It came in lower economist expectations. Food prices in New Zealand increased 0.2 per cent in the 12 months to May 2024, the smallest increase since September 2018.
Fruit and vegetables were down more than 11 per cent for the year.
Of course, there has always been an aspect of “be careful what you wish for” with cheese prices. What we pay at the supermarket is loosely correlated to global dairy prices.
So when we’re paying a lot for cheese, that usually means the economy is benefiting from a dairy boom. Conversely, when prices are low... well, we’ll see how the economy is going with GDP data on Thursday (probably not good through).
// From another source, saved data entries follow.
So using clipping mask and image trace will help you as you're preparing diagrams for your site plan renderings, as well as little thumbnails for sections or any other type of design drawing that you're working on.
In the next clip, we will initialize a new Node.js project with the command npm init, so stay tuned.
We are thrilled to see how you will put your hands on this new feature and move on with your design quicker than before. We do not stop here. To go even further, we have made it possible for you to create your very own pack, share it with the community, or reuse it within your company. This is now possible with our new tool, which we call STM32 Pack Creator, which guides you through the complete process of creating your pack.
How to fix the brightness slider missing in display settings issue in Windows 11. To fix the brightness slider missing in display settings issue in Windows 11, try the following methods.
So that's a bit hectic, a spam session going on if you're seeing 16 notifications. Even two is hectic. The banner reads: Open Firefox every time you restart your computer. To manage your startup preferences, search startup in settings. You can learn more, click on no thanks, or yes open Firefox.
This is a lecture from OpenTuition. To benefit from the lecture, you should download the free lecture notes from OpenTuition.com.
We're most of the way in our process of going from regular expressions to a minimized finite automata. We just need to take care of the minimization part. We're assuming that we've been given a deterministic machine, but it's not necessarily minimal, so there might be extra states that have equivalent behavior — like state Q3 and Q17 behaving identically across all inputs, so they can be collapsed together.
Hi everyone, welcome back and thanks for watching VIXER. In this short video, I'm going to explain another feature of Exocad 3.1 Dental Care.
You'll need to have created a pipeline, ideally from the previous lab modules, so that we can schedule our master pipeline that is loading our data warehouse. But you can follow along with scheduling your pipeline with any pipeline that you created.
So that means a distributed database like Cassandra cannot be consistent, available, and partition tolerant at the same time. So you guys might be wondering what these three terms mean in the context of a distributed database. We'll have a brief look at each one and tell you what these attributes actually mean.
Is recession worse than inflation?
That GDP data on Thursday will probably show we are still in recession. Or, if we do get a small bounce of growth, we will still be very deep in a per capita recession.
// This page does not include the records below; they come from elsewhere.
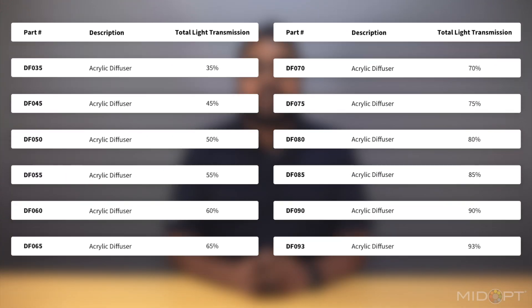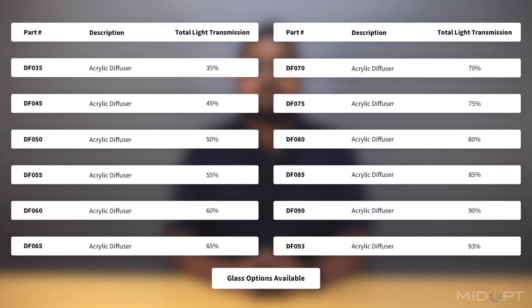In continuing to provide our customers with effective solutions to the issues they experience in machine vision applications, Midopt offers a full line of acrylic diffusers. Glass options are also available for special requests and custom projects. The transmission of light, which is controlled by the varying scatter and opaqueness of the diffuser material, ranges from 35 to 93%. The transmission is indicated by the numerical value in the part number.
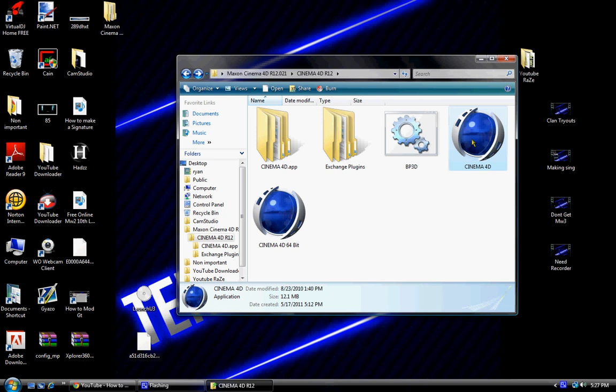Once it comes up, it'll ask you for information. Don't put your real information. Then it'll ask you to paste a serial number. I got the serial number in the file description on the channel.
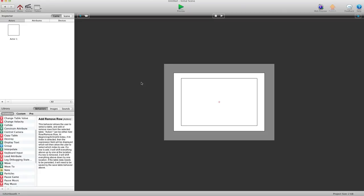Hey there everybody, T-Shirt Booth here for GSHelper.com. In this video I'm going to show you how to use writable tables to make a simple store in your game where users can buy items to play in the gameplay.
Engineered by the Reserve Bank with high interest rates, the trade-off should be that we beat inflation. It’s the same story all over the world right now. People are grappling with the pain of rising unemployment and business failures while still feeling angry about the last vestiges of high inflation.
So which is worse recession or inflation? Last week the Financial Times took a look (republished in the Herald) at the research on how people feel about the two economic bogeymen.
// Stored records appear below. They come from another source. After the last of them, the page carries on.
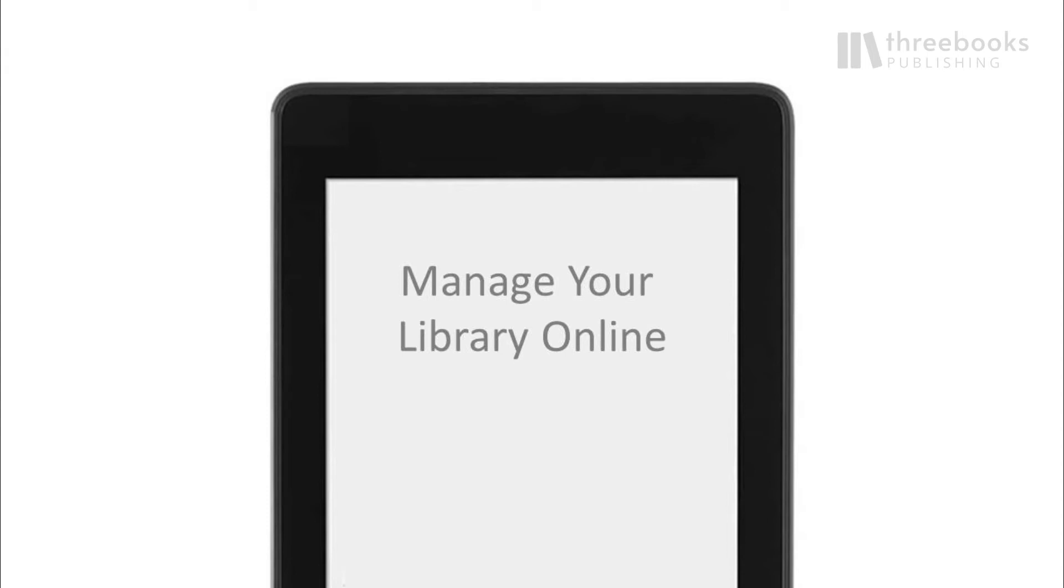We have mentioned the My Kindle area on Amazon.com a few times already now. Time to have a closer look at how you can manage your content and devices to be most productive.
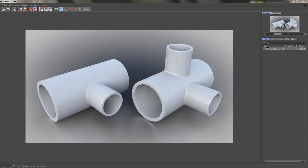Hi everyone. A couple of years ago I did a number of tutorials on pipe connections, one of which was about connecting pipes with different diameters. I received a request asking how to connect pipes at an angle different from 90 degrees to create objects like trusses. So in this tutorial we're going to look at how to connect cylinders at an angle other than 90 degrees to create a truss shape.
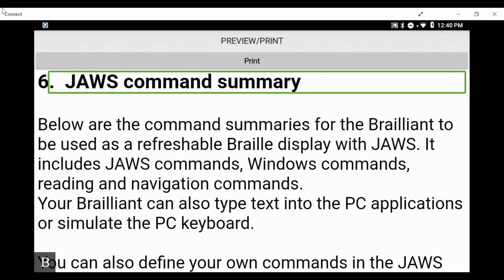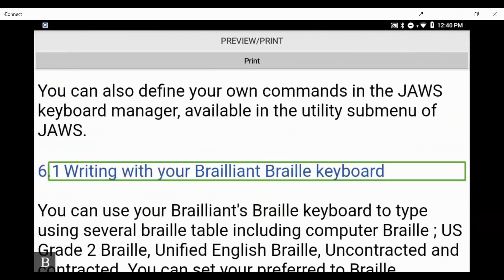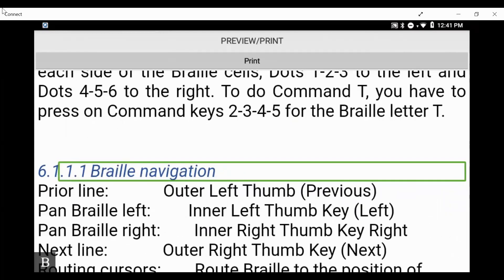You can use dots one through six to move through heading levels one through six. Pressing my next thumb key: 'Below are the command summaries for the Brailliant to be used as a refreshable Braille display with JAWS' — it brings me right to this part of the document. If I want to jump to the next heading, I press H. We hear: 'Six point one, writing with your Brailliant Braille keyboard, heading two.' Press H again: 'Six dot one dot one, basic commands, heading three.'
Recent studies have found people dislike inflation a lot more now than they did a decade ago. Not surprising, given we’re living through a lot more of it.
But the results were far from clear-cut and there is some evidence that when it comes to policy trade-offs (as opposed to general anger), people are still prepared to tolerate some inflation to ensure unemployment doesn’t rise too high.
Services slump
This week’s graph is the BNZ/BusinessNZ Performance of Services Index (PSI) and shows activity in April hitting its lowest level on record, outside of Covid-19 lockdowns.
The PSI for May was 43.0 (a PSI reading above 50.0 indicates that the service sector is generally expanding; below 50.0 that it is declining). This was down 3.6 points from April and the lowest level of activity for the sector for a non-Covid lockdown month since the survey began in 2007.
“The speed of decline is as worrisome as its size over the past three months. There is weak and then there is very weak. Overall, this tells of a services sector in reverse, at pace,” said BNZ senior economist Doug Steel.
Grim as is this for the immediate economic outlook, it may be heartening for the Reserve Bank and others watching the inflation fight. The services sector falls very much within the “non-tradeable” side of the inflation ledger. It’s the domestic stuff that remains stuck at 5.8 per cent. Non-tradable inflation – stuff, fuel and food prices – has fallen to just 1.6 per cent (giving us a topline CPI inflation rate of 4 per cent).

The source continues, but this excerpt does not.